> _ENTRIES SUPPLIED_:
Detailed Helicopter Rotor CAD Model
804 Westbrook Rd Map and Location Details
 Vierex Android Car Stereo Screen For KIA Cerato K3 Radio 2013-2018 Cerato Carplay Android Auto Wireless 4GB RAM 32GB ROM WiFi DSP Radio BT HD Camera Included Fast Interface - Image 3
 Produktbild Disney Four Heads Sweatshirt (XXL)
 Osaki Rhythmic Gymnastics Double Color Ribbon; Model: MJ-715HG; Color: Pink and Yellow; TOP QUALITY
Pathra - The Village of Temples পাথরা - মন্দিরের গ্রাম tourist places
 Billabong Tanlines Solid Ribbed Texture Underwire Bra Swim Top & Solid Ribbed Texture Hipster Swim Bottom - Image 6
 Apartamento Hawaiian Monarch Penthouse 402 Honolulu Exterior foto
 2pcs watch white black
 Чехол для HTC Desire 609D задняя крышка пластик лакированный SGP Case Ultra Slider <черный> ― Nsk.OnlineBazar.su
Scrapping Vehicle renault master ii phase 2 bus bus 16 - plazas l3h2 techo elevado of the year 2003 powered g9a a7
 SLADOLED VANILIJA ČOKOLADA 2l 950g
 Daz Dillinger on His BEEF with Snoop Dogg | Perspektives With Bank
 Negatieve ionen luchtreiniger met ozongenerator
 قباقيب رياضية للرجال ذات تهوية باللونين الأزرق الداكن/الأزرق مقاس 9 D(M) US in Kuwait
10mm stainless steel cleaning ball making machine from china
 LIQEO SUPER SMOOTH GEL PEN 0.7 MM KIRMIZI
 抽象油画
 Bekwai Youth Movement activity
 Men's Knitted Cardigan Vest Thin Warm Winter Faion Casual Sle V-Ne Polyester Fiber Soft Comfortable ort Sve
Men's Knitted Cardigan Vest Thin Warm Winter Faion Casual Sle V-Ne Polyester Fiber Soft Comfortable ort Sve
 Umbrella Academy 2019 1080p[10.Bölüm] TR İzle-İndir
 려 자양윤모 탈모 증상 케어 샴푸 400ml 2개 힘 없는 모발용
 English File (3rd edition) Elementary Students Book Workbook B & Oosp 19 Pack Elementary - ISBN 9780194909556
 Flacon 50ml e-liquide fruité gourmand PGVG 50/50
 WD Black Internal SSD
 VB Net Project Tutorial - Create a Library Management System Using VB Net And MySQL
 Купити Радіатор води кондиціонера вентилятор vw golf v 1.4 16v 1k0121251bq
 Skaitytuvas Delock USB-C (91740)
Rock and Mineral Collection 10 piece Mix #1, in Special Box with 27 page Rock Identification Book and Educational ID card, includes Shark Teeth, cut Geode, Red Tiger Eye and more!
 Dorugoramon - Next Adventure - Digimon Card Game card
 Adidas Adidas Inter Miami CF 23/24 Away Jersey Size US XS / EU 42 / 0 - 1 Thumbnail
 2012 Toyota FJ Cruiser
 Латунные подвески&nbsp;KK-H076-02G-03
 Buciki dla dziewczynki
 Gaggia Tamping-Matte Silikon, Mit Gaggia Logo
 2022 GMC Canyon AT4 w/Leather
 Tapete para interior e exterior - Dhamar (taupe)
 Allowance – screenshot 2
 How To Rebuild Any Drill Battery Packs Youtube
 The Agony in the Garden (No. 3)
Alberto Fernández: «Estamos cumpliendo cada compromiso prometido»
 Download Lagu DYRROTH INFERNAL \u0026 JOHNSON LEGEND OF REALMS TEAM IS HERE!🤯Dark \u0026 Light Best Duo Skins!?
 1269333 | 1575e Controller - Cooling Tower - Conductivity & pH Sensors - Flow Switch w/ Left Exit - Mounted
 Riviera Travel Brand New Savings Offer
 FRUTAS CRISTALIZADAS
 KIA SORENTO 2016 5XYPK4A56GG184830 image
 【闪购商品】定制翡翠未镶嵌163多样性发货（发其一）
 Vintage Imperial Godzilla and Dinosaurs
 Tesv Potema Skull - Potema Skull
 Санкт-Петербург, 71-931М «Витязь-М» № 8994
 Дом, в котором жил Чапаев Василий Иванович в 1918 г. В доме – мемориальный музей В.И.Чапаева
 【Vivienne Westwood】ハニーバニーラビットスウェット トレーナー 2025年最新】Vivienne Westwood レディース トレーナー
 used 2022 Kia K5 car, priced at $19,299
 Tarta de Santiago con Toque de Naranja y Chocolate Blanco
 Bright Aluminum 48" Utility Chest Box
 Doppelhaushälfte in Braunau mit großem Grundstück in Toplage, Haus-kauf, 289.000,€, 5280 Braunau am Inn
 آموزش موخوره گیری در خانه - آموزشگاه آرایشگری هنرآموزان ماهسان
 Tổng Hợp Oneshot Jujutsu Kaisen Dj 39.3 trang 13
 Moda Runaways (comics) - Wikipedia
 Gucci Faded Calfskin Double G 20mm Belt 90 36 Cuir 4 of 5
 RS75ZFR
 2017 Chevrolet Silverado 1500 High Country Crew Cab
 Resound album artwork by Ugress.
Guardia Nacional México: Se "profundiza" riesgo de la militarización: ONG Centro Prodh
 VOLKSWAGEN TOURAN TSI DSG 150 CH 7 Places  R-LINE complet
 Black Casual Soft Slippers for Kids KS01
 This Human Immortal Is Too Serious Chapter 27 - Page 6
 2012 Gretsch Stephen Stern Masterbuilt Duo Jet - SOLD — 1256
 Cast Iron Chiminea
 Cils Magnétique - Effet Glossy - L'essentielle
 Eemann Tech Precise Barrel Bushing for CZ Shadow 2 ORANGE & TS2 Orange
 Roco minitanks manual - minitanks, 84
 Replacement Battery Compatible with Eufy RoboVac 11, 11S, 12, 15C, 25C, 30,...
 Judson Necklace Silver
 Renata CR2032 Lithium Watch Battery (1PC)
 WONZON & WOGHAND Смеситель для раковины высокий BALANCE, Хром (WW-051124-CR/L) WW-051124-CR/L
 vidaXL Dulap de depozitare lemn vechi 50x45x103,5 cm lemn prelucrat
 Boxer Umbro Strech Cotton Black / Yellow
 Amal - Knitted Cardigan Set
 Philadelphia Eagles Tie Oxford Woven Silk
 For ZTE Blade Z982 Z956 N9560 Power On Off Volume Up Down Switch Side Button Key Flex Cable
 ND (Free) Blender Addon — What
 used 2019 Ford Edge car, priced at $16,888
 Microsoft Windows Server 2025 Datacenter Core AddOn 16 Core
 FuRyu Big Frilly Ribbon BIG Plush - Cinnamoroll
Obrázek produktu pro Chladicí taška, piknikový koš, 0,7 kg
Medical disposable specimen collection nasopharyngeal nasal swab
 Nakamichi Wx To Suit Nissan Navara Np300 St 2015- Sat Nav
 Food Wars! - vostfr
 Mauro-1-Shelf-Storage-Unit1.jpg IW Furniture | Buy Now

> _WHAT YOU ARE ASKED TO DO_:
In the answer, each entry from the listing must be transcribed exactly.

> _EXERCISE ANSWER_:
Detailed Helicopter Rotor CAD Model
804 Westbrook Rd Map and Location Details
 Vierex Android Car Stereo Screen For KIA Cerato K3 Radio 2013-2018 Cerato Carplay Android Auto Wireless 4GB RAM 32GB ROM WiFi DSP Radio BT HD Camera Included Fast Interface - Image 3
 Produktbild Disney Four Heads Sweatshirt (XXL)
 Osaki Rhythmic Gymnastics Double Color Ribbon; Model: MJ-715HG; Color: Pink and Yellow; TOP QUALITY
Pathra - The Village of Temples পাথরা - মন্দিরের গ্রাম tourist places
 Billabong Tanlines Solid Ribbed Texture Underwire Bra Swim Top & Solid Ribbed Texture Hipster Swim Bottom - Image 6
 Apartamento Hawaiian Monarch Penthouse 402 Honolulu Exterior foto
 2pcs watch white black
 Чехол для HTC Desire 609D задняя крышка пластик лакированный SGP Case Ultra Slider <черный> ― Nsk.OnlineBazar.su
Scrapping Vehicle renault master ii phase 2 bus bus 16 - plazas l3h2 techo elevado of the year 2003 powered g9a a7
 SLADOLED VANILIJA ČOKOLADA 2l 950g
 Daz Dillinger on His BEEF with Snoop Dogg | Perspektives With Bank
 Negatieve ionen luchtreiniger met ozongenerator
 قباقيب رياضية للرجال ذات تهوية باللونين الأزرق الداكن/الأزرق مقاس 9 D(M) US in Kuwait
10mm stainless steel cleaning ball making machine from china
 LIQEO SUPER SMOOTH GEL PEN 0.7 MM KIRMIZI
 抽象油画
 Bekwai Youth Movement activity
 Men's Knitted Cardigan Vest Thin Warm Winter Faion Casual Sle V-Ne Polyester Fiber Soft Comfortable ort Sve
Men's Knitted Cardigan Vest Thin Warm Winter Faion Casual Sle V-Ne Polyester Fiber Soft Comfortable ort Sve
 Umbrella Academy 2019 1080p[10.Bölüm] TR İzle-İndir
 려 자양윤모 탈모 증상 케어 샴푸 400ml 2개 힘 없는 모발용
 English File (3rd edition) Elementary Students Book Workbook B & Oosp 19 Pack Elementary - ISBN 9780194909556
 Flacon 50ml e-liquide fruité gourmand PGVG 50/50
 WD Black Internal SSD
 VB Net Project Tutorial - Create a Library Management System Using VB Net And MySQL
 Купити Радіатор води кондиціонера вентилятор vw golf v 1.4 16v 1k0121251bq
 Skaitytuvas Delock USB-C (91740)
Rock and Mineral Collection 10 piece Mix #1, in Special Box with 27 page Rock Identification Book and Educational ID card, includes Shark Teeth, cut Geode, Red Tiger Eye and more!
 Dorugoramon - Next Adventure - Digimon Card Game card
 Adidas Adidas Inter Miami CF 23/24 Away Jersey Size US XS / EU 42 / 0 - 1 Thumbnail
 2012 Toyota FJ Cruiser
 Латунные подвески&nbsp;KK-H076-02G-03
 Buciki dla dziewczynki
 Gaggia Tamping-Matte Silikon, Mit Gaggia Logo
 2022 GMC Canyon AT4 w/Leather
 Tapete para interior e exterior - Dhamar (taupe)
 Allowance – screenshot 2
 How To Rebuild Any Drill Battery Packs Youtube
 The Agony in the Garden (No. 3)
Alberto Fernández: «Estamos cumpliendo cada compromiso prometido»
 Download Lagu DYRROTH INFERNAL \u0026 JOHNSON LEGEND OF REALMS TEAM IS HERE!🤯Dark \u0026 Light Best Duo Skins!?
 1269333 | 1575e Controller - Cooling Tower - Conductivity & pH Sensors - Flow Switch w/ Left Exit - Mounted
 Riviera Travel Brand New Savings Offer
 FRUTAS CRISTALIZADAS
 KIA SORENTO 2016 5XYPK4A56GG184830 image
 【闪购商品】定制翡翠未镶嵌163多样性发货（发其一）
 Vintage Imperial Godzilla and Dinosaurs
 Tesv Potema Skull - Potema Skull
 Санкт-Петербург, 71-931М «Витязь-М» № 8994
 Дом, в котором жил Чапаев Василий Иванович в 1918 г. В доме – мемориальный музей В.И.Чапаева
 【Vivienne Westwood】ハニーバニーラビットスウェット トレーナー 2025年最新】Vivienne Westwood レディース トレーナー
 used 2022 Kia K5 car, priced at $19,299
 Tarta de Santiago con Toque de Naranja y Chocolate Blanco
 Bright Aluminum 48" Utility Chest Box
 Doppelhaushälfte in Braunau mit großem Grundstück in Toplage, Haus-kauf, 289.000,€, 5280 Braunau am Inn
 آموزش موخوره گیری در خانه - آموزشگاه آرایشگری هنرآموزان ماهسان
 Tổng Hợp Oneshot Jujutsu Kaisen Dj 39.3 trang 13
 Moda Runaways (comics) - Wikipedia
 Gucci Faded Calfskin Double G 20mm Belt 90 36 Cuir 4 of 5
 RS75ZFR
 2017 Chevrolet Silverado 1500 High Country Crew Cab
 Resound album artwork by Ugress.
Guardia Nacional México: Se "profundiza" riesgo de la militarización: ONG Centro Prodh
 VOLKSWAGEN TOURAN TSI DSG 150 CH 7 Places  R-LINE complet
 Black Casual Soft Slippers for Kids KS01
 This Human Immortal Is Too Serious Chapter 27 - Page 6
 2012 Gretsch Stephen Stern Masterbuilt Duo Jet - SOLD — 1256
 Cast Iron Chiminea
 Cils Magnétique - Effet Glossy - L'essentielle
 Eemann Tech Precise Barrel Bushing for CZ Shadow 2 ORANGE & TS2 Orange
 Roco minitanks manual - minitanks, 84
 Replacement Battery Compatible with Eufy RoboVac 11, 11S, 12, 15C, 25C, 30,...
 Judson Necklace Silver
 Renata CR2032 Lithium Watch Battery (1PC)
 WONZON & WOGHAND Смеситель для раковины высокий BALANCE, Хром (WW-051124-CR/L) WW-051124-CR/L
 vidaXL Dulap de depozitare lemn vechi 50x45x103,5 cm lemn prelucrat
 Boxer Umbro Strech Cotton Black / Yellow
 Amal - Knitted Cardigan Set
 Philadelphia Eagles Tie Oxford Woven Silk
 For ZTE Blade Z982 Z956 N9560 Power On Off Volume Up Down Switch Side Button Key Flex Cable
 ND (Free) Blender Addon — What
 used 2019 Ford Edge car, priced at $16,888
 Microsoft Windows Server 2025 Datacenter Core AddOn 16 Core
 FuRyu Big Frilly Ribbon BIG Plush - Cinnamoroll
Obrázek produktu pro Chladicí taška, piknikový koš, 0,7 kg
Medical disposable specimen collection nasopharyngeal nasal swab
 Nakamichi Wx To Suit Nissan Navara Np300 St 2015- Sat Nav
 Food Wars! - vostfr
 Mauro-1-Shelf-Storage-Unit1.jpg IW Furniture | Buy Now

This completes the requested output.